▸ BRIEF: Retype word for word the stretch of entries below from the line that has "Crab North End" through the line that has "Tunis, by Jan Ciągliński", and omit the pictures.

▸ GIVEN INFORMATION:

....

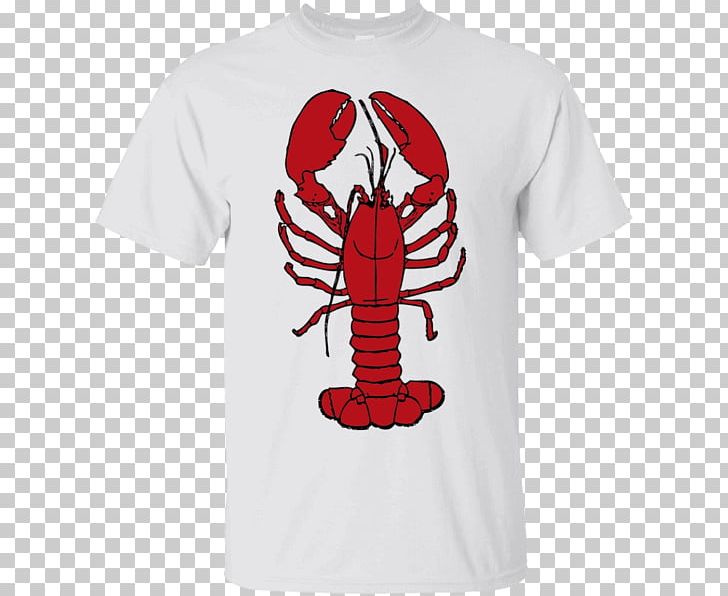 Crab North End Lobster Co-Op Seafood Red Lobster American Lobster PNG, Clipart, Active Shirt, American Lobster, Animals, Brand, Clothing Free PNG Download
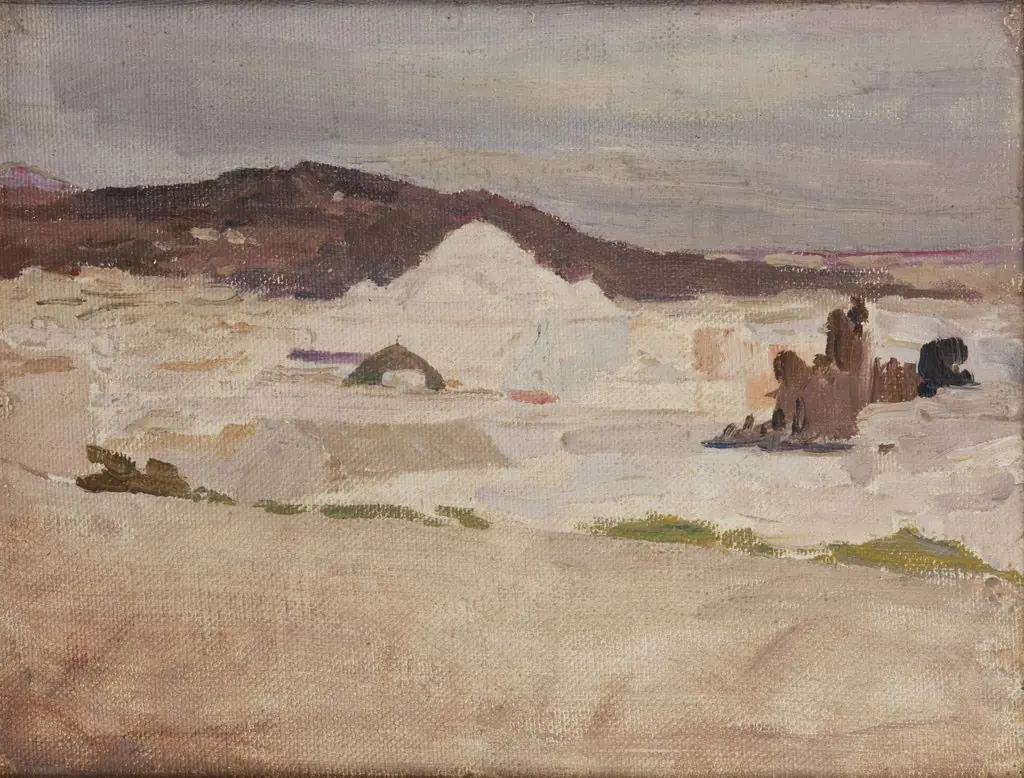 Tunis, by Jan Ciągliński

....

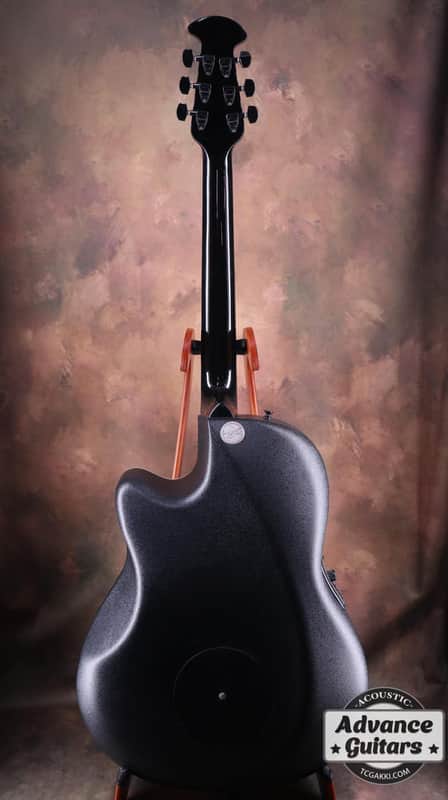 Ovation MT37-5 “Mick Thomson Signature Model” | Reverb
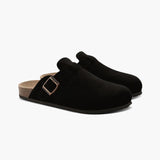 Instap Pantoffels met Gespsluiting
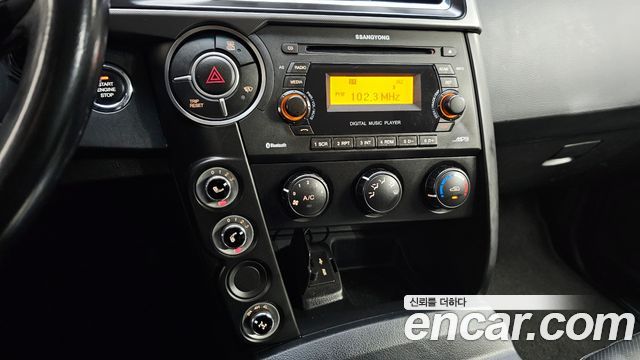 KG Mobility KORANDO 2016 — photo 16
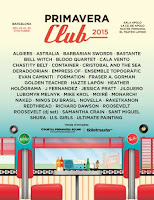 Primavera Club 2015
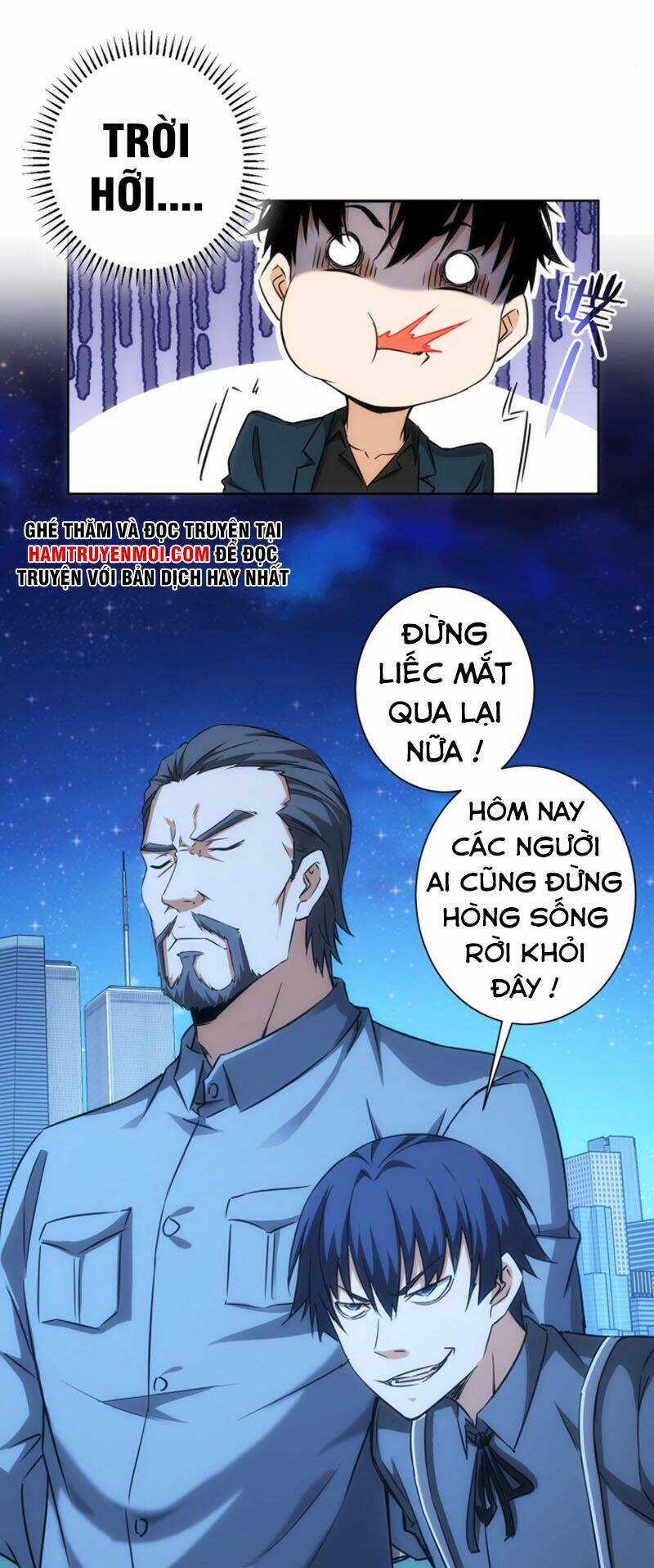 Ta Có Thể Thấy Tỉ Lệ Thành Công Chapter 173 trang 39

....

▸ RESPONSE AREA:
 Crab North End Lobster Co-Op Seafood Red Lobster American Lobster PNG, Clipart, Active Shirt, American Lobster, Animals, Brand, Clothing Free PNG Download
 Tunis, by Jan Ciągliński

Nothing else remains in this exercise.